-- Entries provided follows --

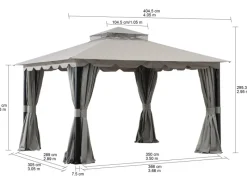 Sunjoy Gartenlauben|Gazebo Stoj Stoff 336 cm x 402 cm Grau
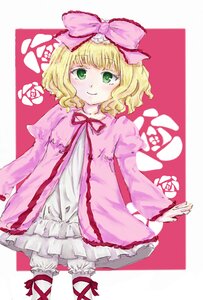 Rating: Safe Score: 0 Tags: 1girl blonde_hair bloomers blush bow dress frills green_eyes hina_ichigo hinaichigo image long_sleeves looking_at_viewer pink_bow pink_dress ribbon short_hair smile solo underwear white_legwear User: admin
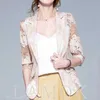 Fashion-Spring Lace Small Shawl Coat Nuns Hollow Tunna Top Mid-Sleeve Suit Office Lady Womens Jackets Blazer Women Set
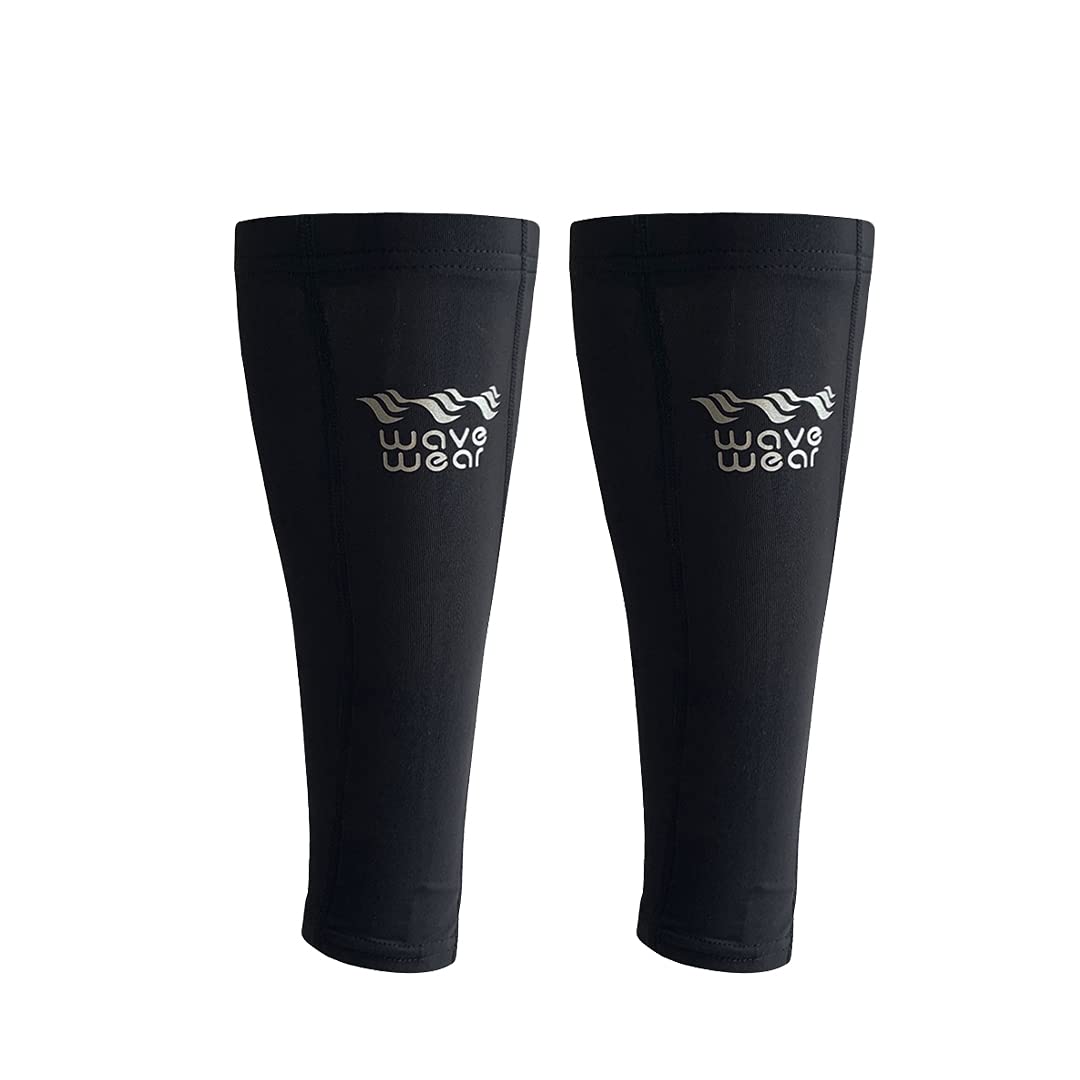 wavewear Calf Compression Sleeve with Built-in Kinesiology Tape - Support for Leg Swelling and Cramping during Workouts and Sports - for Men and Women (L, Black/Silver, 2)
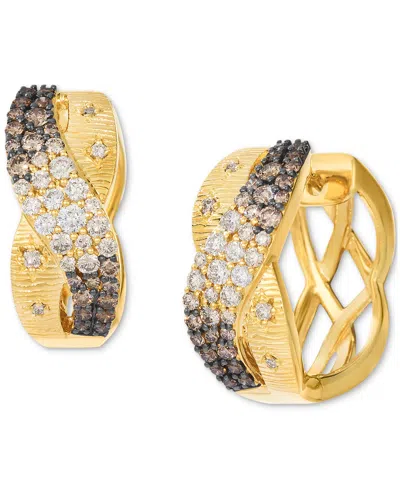 Le Vian Chocolate Ombre Diamond Crossover Chunky Huggie Hoop Earrings (1 Ct. T.w.) In 14k Gold, 0.71" In Yellow Gold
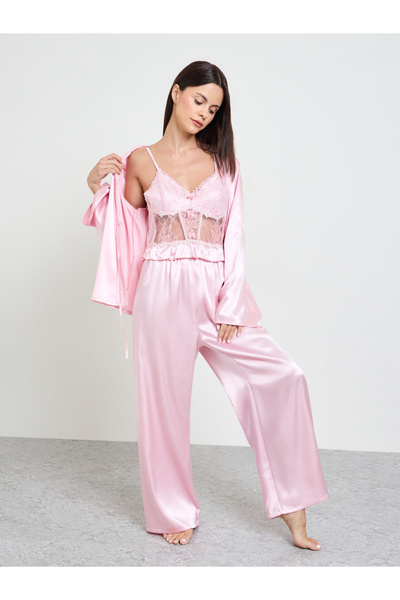 Take Two By Styli Pink Pack Of 3 - Satin Lace Cami, Robe And Pyjama Set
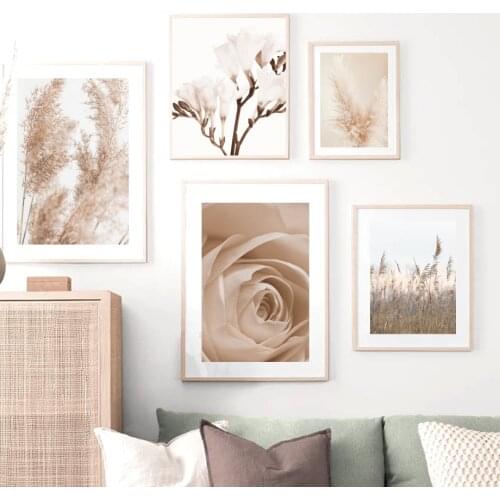 Natural Flower Reed Leaves wheat Nordic Poster Modern Wall Art Print Canvas Painting Plant Wall Pictures For Living Room Decor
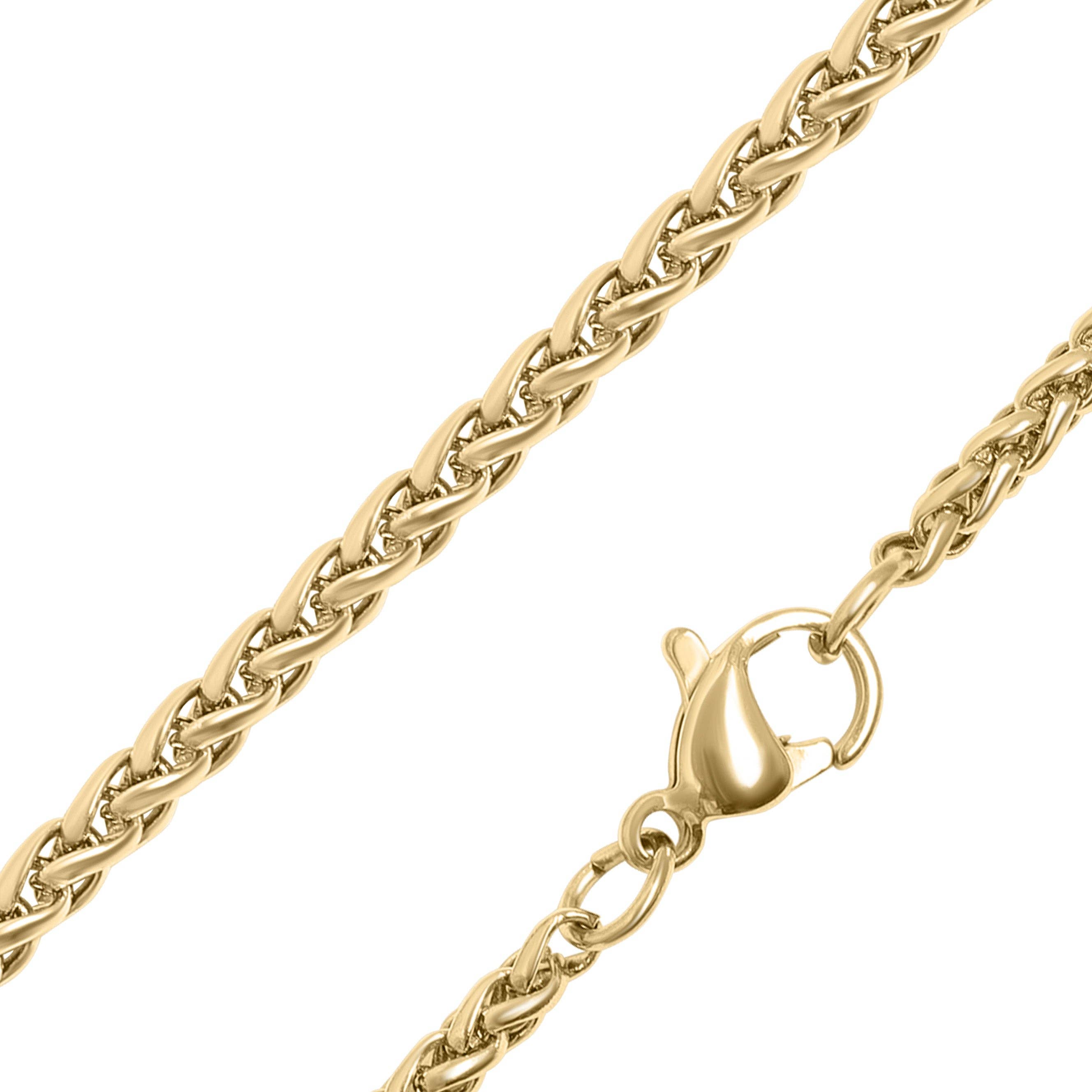 Gold chain necklace with a clasp on a white background
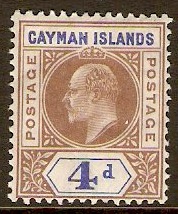 Cayman Islands 1907 4d Brown and blue. SG13.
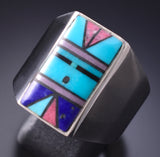 Size 10-1/2 Silver Multistone Navajo Inlay Yei Bi Chei Mens Ring Jimmy Harrison 6F22N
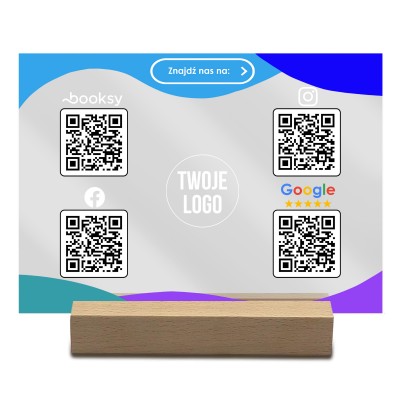 Tabliczka z Kodem QR – Booksy, Instagram, Facebook, Google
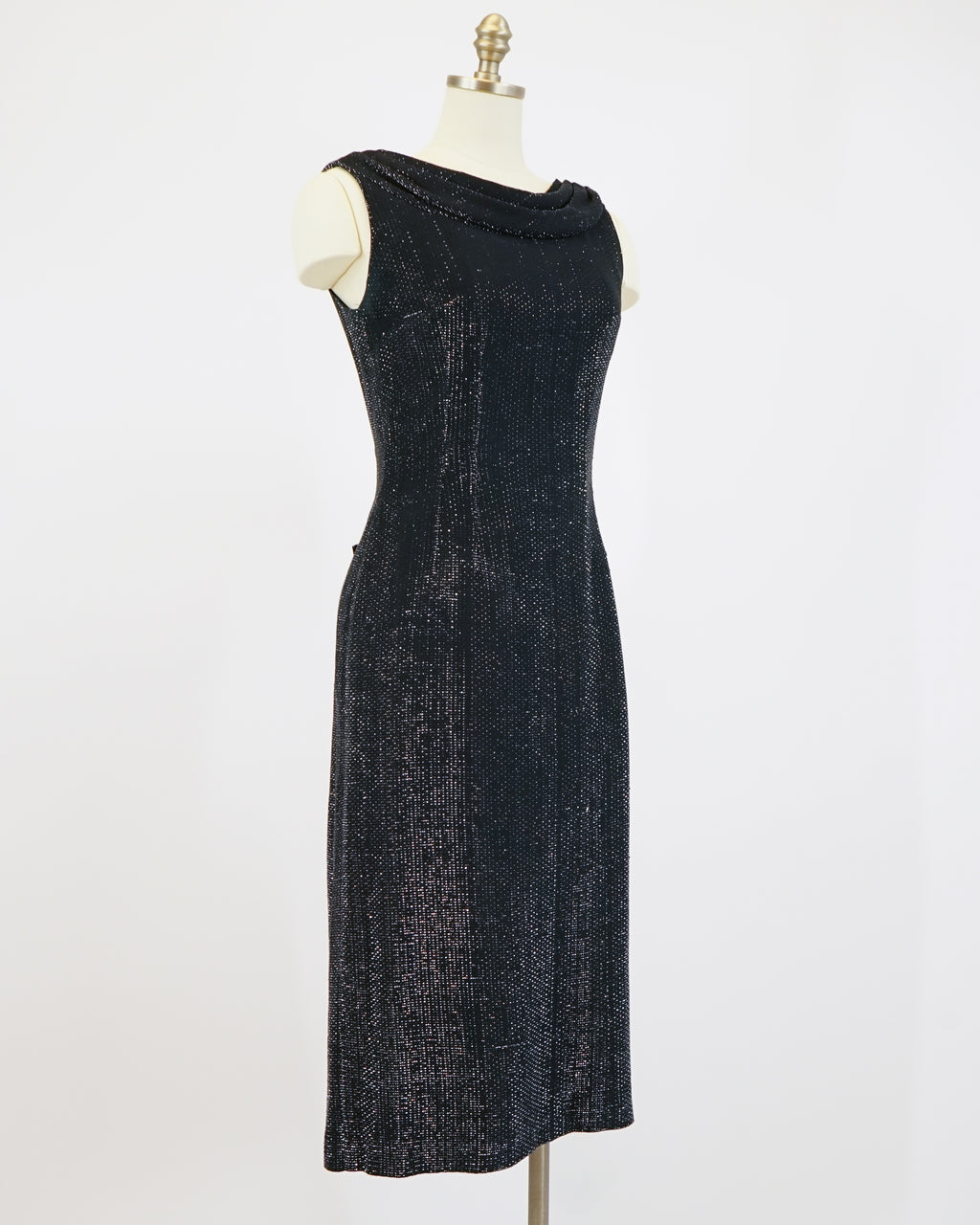 1950s Black & Silver Lamé Cocktail Dress
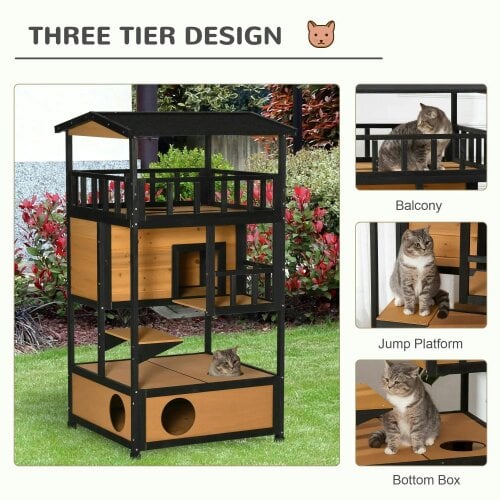 Wooden Outdoor Cat House, 3-Tier Cat Shelter with Tilted Roof, Terrace, Jump Step, Bottom Tray and Elevated Base, Waterproof Paint, Yellow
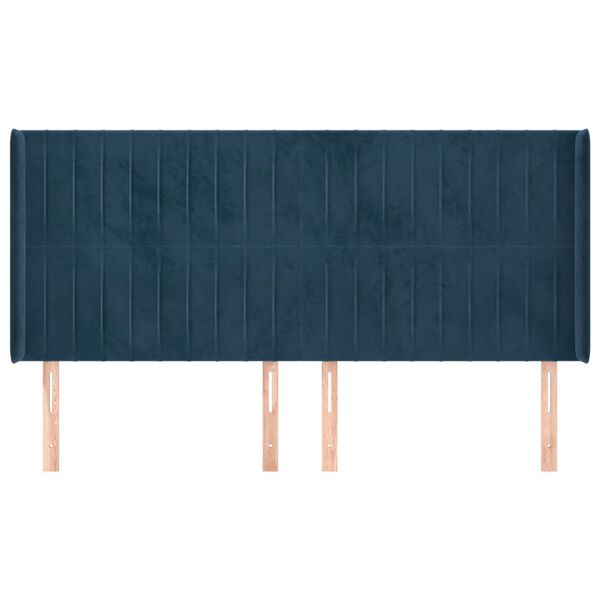 vidaXL Kopfteil mit Ohren Dunkelblau 203x16x118/128 cm Samt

-- Entries provided concluded --

About this exercise
Starting at the line that holds "Fashion-Spring Lace Small", write out every remaining line of the material above exactly as it appears. Pictures should not be copied.

Answer to this problem
 Fashion-Spring Lace Small Shawl Coat Nuns Hollow Tunna Top Mid-Sleeve Suit Office Lady Womens Jackets Blazer Women Set
 wavewear Calf Compression Sleeve with Built-in Kinesiology Tape - Support for Leg Swelling and Cramping during Workouts and Sports - for Men and Women (L, Black/Silver, 2)
 Le Vian Chocolate Ombre Diamond Crossover Chunky Huggie Hoop Earrings (1 Ct. T.w.) In 14k Gold, 0.71" In Yellow Gold
 Take Two By Styli Pink Pack Of 3 - Satin Lace Cami, Robe And Pyjama Set
 Natural Flower Reed Leaves wheat Nordic Poster Modern Wall Art Print Canvas Painting Plant Wall Pictures For Living Room Decor
 Gold chain necklace with a clasp on a white background
 Cayman Islands 1907 4d Brown and blue. SG13.
 Size 10-1/2 Silver Multistone Navajo Inlay Yei Bi Chei Mens Ring Jimmy Harrison 6F22N
 Tabliczka z Kodem QR – Booksy, Instagram, Facebook, Google
 1950s Black & Silver Lamé Cocktail Dress
 Wooden Outdoor Cat House, 3-Tier Cat Shelter with Tilted Roof, Terrace, Jump Step, Bottom Tray and Elevated Base, Waterproof Paint, Yellow
 vidaXL Kopfteil mit Ohren Dunkelblau 203x16x118/128 cm Samt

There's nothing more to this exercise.